En cuanto a fiestas, La Mierla tiene unas cuantas. Las patronales son para agosto, los días 15,16 y 17. En ellas festejan a la Virgen de la Soledad, a San Roque y a San Roquillo. Para San Isidro, el 15 de mayo, es costumbre ir en romería hasta la ermita de Peñamira, junto al Sorbe. Por cierto, que a ver si pudiera ser el salvar esta antigua y popular ermita de las aguas del futuro pantano, y reconstruirla en lugar más alto, como ya se hizo con otras ermitas en otros embalses. Pero la más peculiar celebración de este pueblo, aunque ya perdida, fue la de la Fiesta del Niño, el tercer domingo de enero: en ella salían los danzantes, cuatro en total, vestidos de blanco, con cintas colgando y bandas sobre el pecho, dirigidos en su baile por un botarga que se cubría de trapos de colores y cencerros, con gorro de pana, pero sin careta. Era un simple “director de la danza».Se almonedeaba las “rosquillas del Niño” bollos circulares muy grandes hechos especialmente para esa ocasión. También se hacía procesión de la imagen de Jesús Niño sobre andas, sometiéndose a subasta el Privilegio de llevarlas en los hombros.
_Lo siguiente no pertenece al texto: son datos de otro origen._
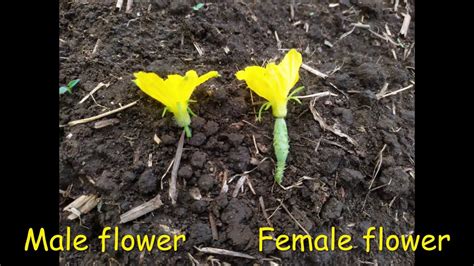 How To Differentiate Male And Female Flowers Of Cucumber Krishi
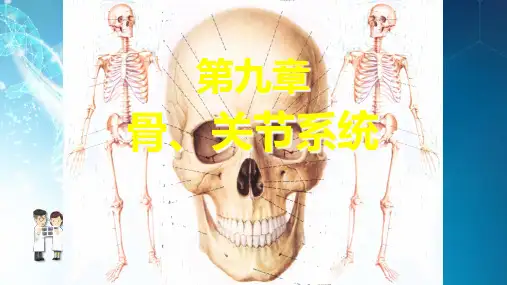 骨关节系统ppt课件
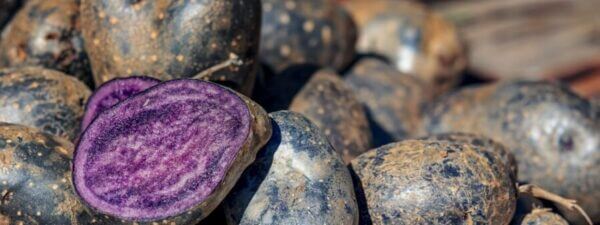 Purple tubers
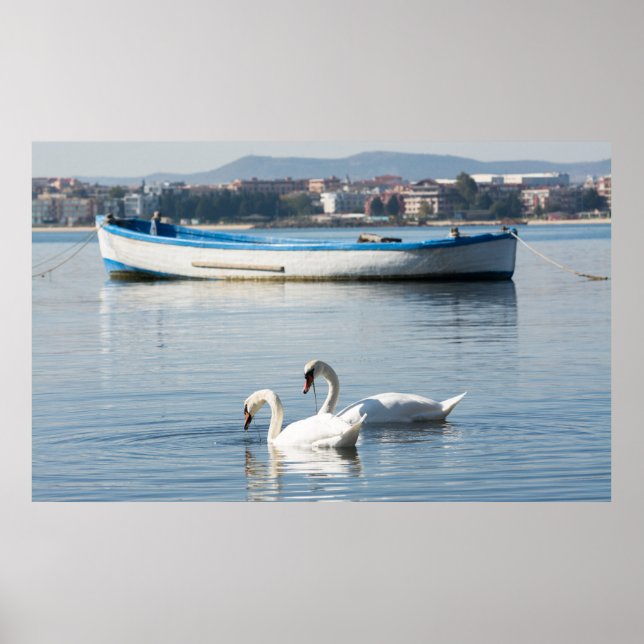 Two swans poster (Front)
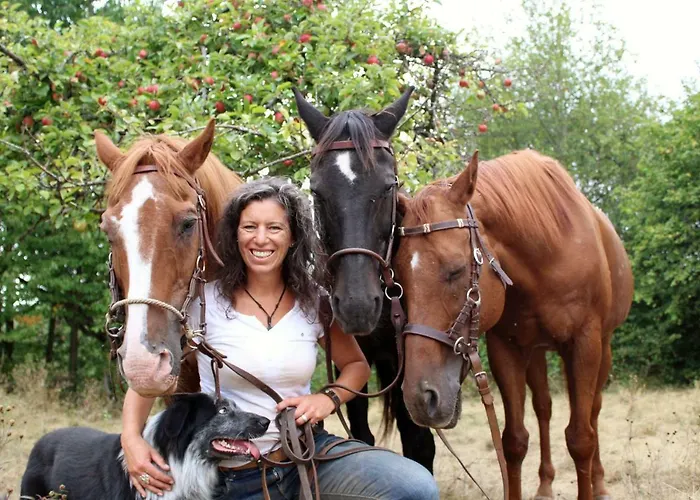 Mausberg * Bad Neuenahr-Ahrweiler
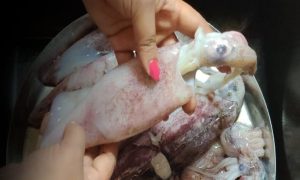 How to clean squid fish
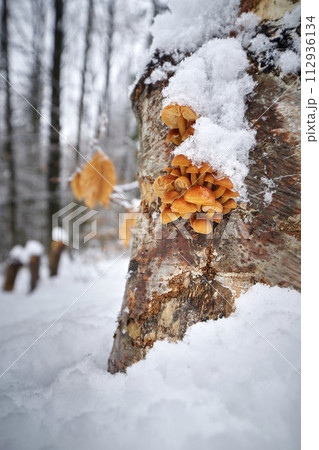Flammulina velutipes Flammulina velutipes 112936134
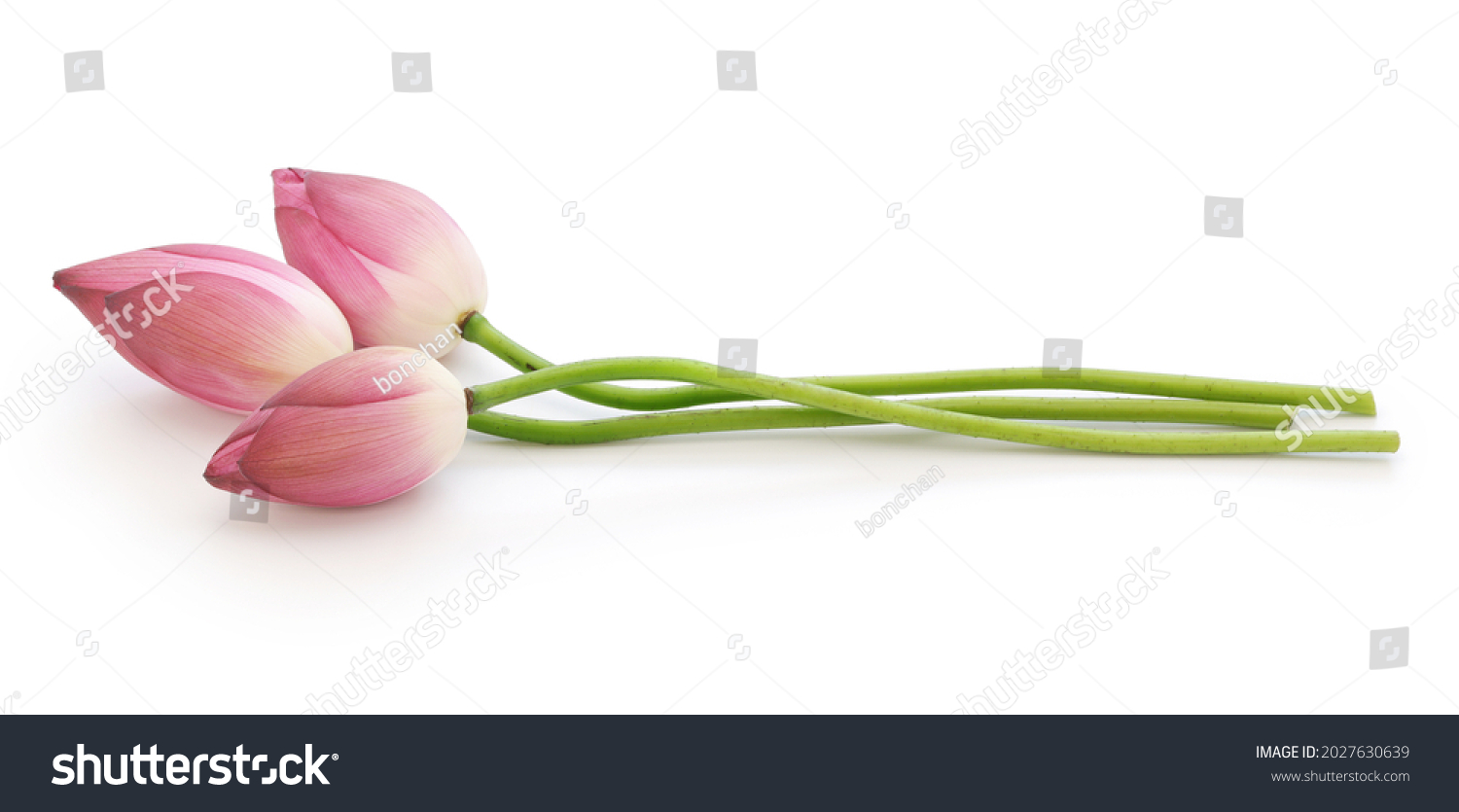 Lotus buds.
Lotus flower is Vietnamese national flower. #2027630639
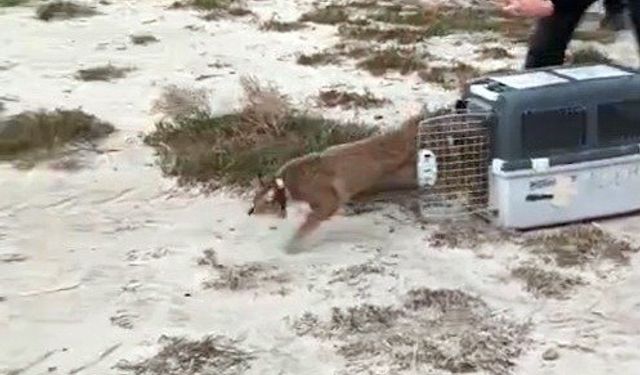 Ağır yaralı bulundu, sağlıklı şekilde doğaya salındı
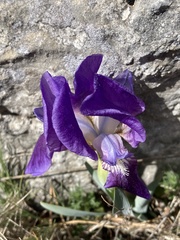 Iris lutescens lutescens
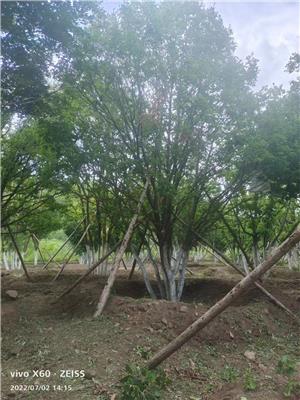 高度500厘米叢生蒙古櫟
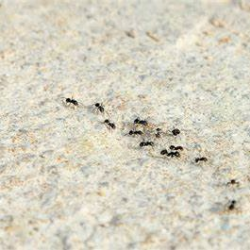 Ant Extermination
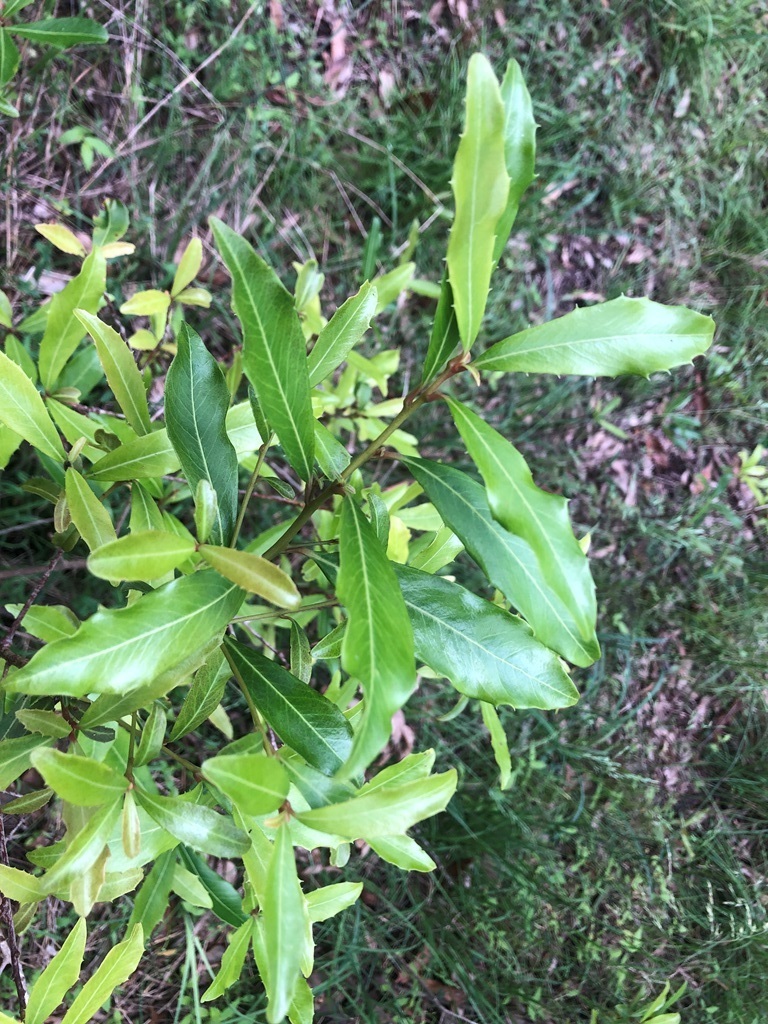 Variable Muttonwood From East Haldon Qld Australia On January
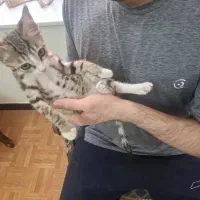 واگذاری بچه گربه خوشگل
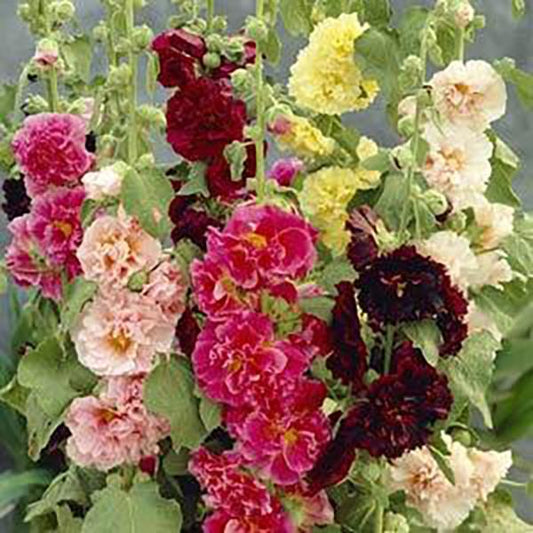Hollyhock Alcea Chater’s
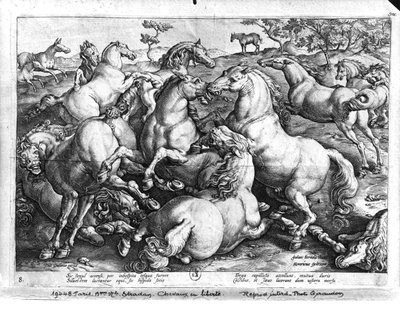 野生の馬 作： Jan van der Straet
Cae la noche, el frío, se acentúa. El viajero, satisfecho de hallazgos, repleto de bollos, pagado con la amistad de dos buenos hombres, cree el momento de marcharse. Aprovechará el regreso para ordenar recuerdos. Los escribirá en unas blancas cuartillas, con su nerviosa letra, y, quizás, si hay suerte, los publicará en un periódico de la provincia; en el “Nueva Alcarria”,  por ejemplo.